# Oil Canister ?



## fball1208 (Jul 13, 2011)

I have a farmall/ih 504D tractor that has a pretty much stripped out bolt that holds the oil canister together. Called my local dealer and they dont make it anylonger. Bolt has a hole cut thru it and a indent for a circi clip on top. I have seen online videos of a conversion kit to use a screw on filter but cant seem to find it. Anyone know where to find one?

part number for the orginal bolt is 308421r2

Thanks


----------



## IHCman (Aug 27, 2011)

I know Dad coverted both of this 460 diesels over to spin on filters. Quite sure he bought the parts at our local dealer but that was 15 years ago or longer.


----------



## stack em up (Mar 7, 2013)

.


----------



## fball1208 (Jul 13, 2011)

Look at a couple I found online. They didn't have anything.


----------



## stack em up (Mar 7, 2013)

worthingtonagparts.com

abilenemachine.com


----------



## fball1208 (Jul 13, 2011)

Thabks


----------



## Thorim (Jan 19, 2015)

They advertise on the local T.V. station, I have never dealt with them but they are about an hour from my place and I have driven by their location many times and it always appears to very clean and neat if that counts for anything.
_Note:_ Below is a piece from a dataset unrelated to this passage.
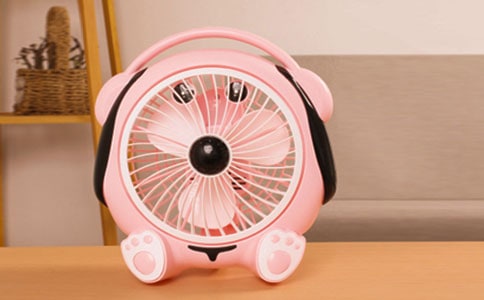 风扇作文600字十篇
http://www.steinertractor.com/


----------



## fball1208 (Jul 13, 2011)

Finally able to find one at a local dealer (had whole can sitting on self).Only question i have someone maybe able to answer i swear the old one thats on the tractor i want to say has a hole in the bottom of the bolt and this one i got is solid. Asked guy at parts and he didnt know just knew the can came off and old engine.


----------



## Bgriffin856 (Nov 13, 2013)

Side note, the 504D is a rather valuable model to collector types. Even more so if its a utility model


----------